Aim of the task:
Please give the lines below again exactly as they stand, from the one that contains "Cilindro U-Tech PS" up to and including the one that contains "Brilagi - Candelabro", leaving all pictures out.
Dataset extract section start
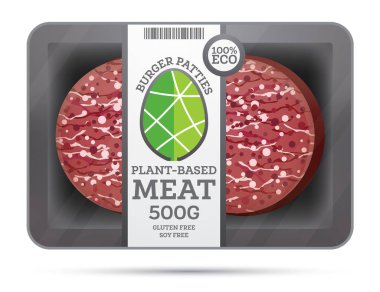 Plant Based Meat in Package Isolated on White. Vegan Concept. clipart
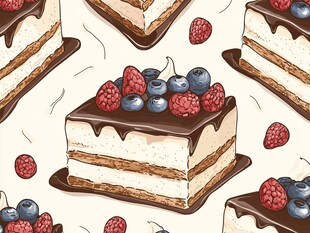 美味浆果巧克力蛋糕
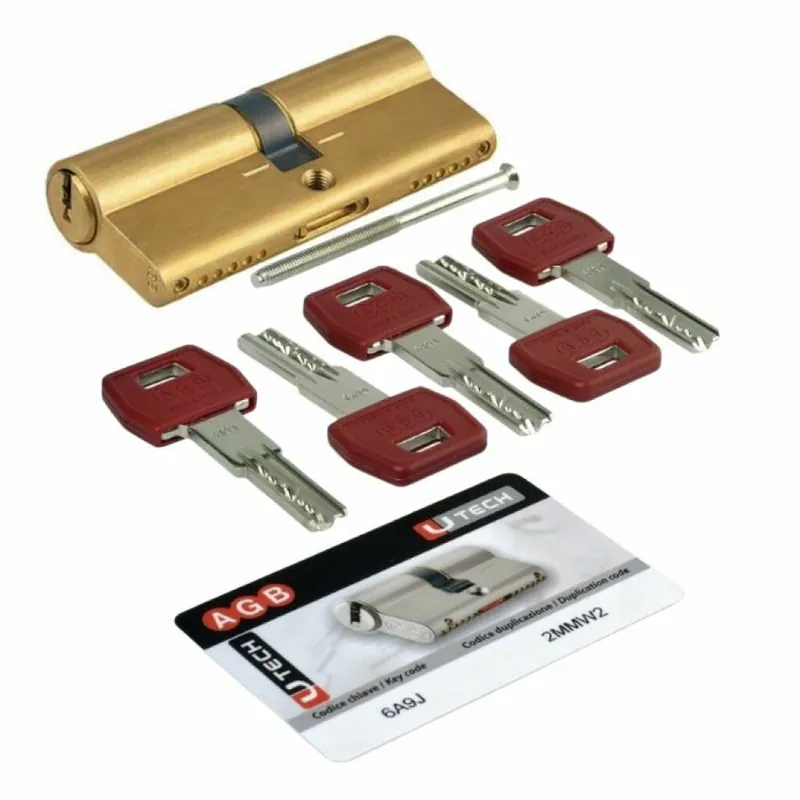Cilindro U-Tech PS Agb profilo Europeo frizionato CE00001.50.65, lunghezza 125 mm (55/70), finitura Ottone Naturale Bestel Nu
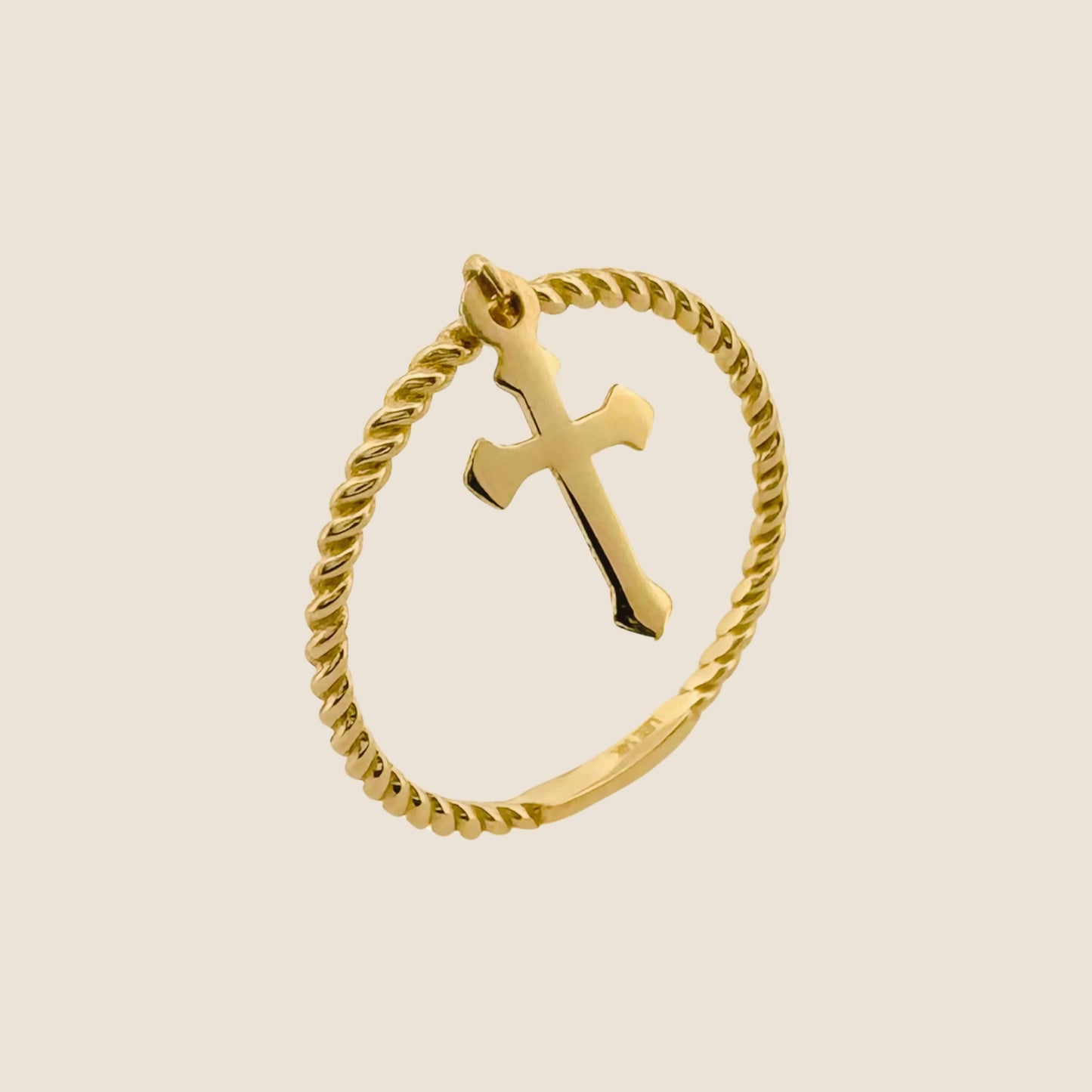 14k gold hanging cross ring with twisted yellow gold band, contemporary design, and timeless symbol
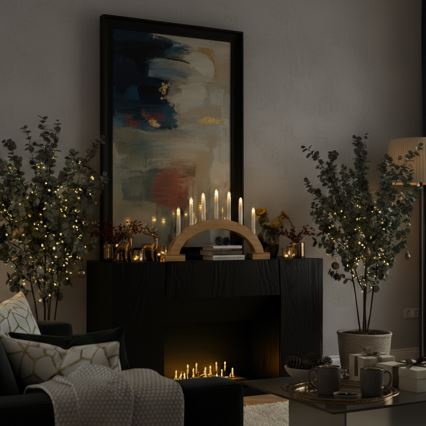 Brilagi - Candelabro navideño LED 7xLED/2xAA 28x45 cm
Dataset extract section end
Dataset extract section start
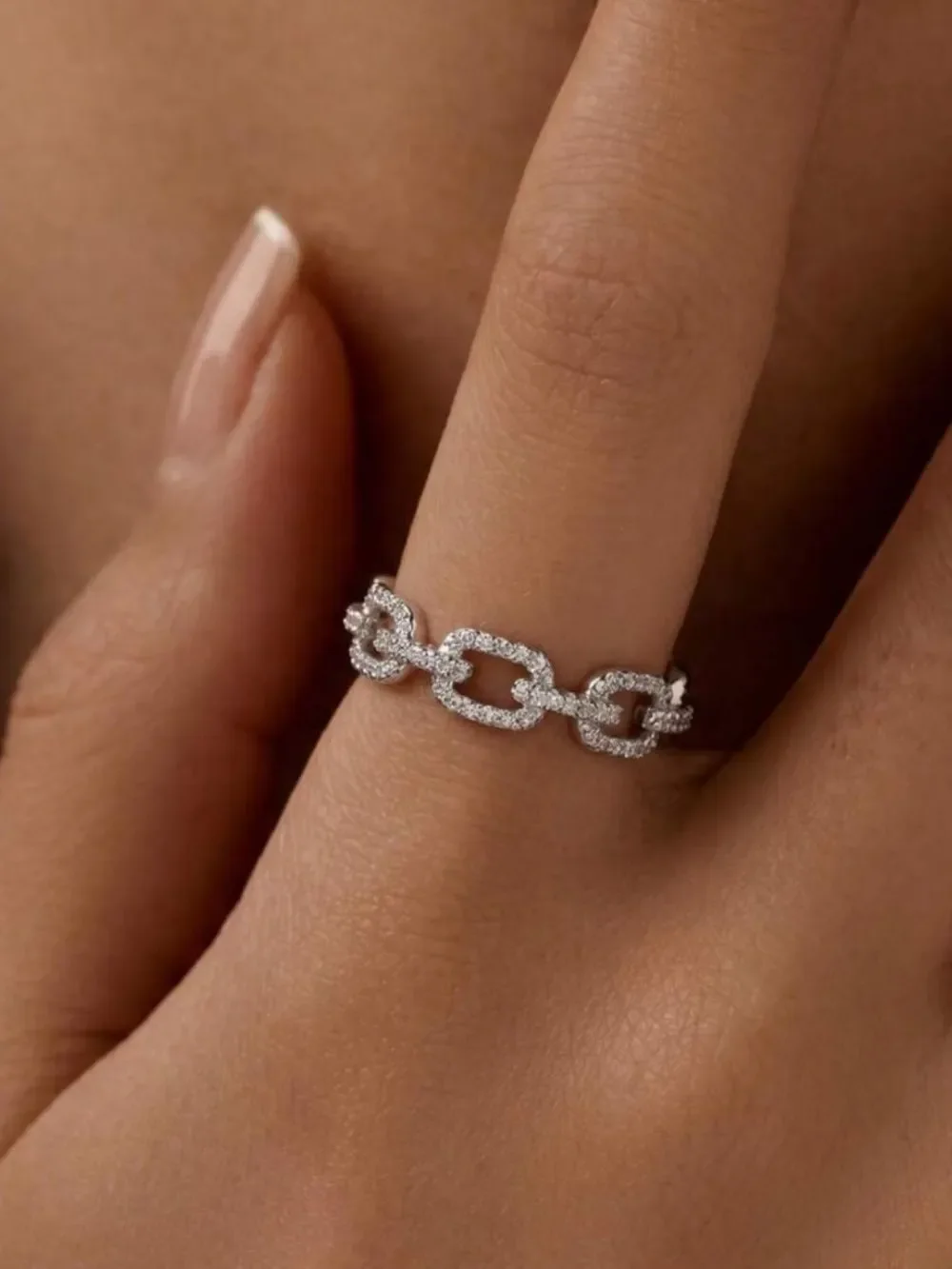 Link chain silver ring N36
Dataset extract section end
Output for this task:
Cilindro U-Tech PS Agb profilo Europeo frizionato CE00001.50.65, lunghezza 125 mm (55/70), finitura Ottone Naturale Bestel Nu
 14k gold hanging cross ring with twisted yellow gold band, contemporary design, and timeless symbol
 Brilagi - Candelabro navideño LED 7xLED/2xAA 28x45 cm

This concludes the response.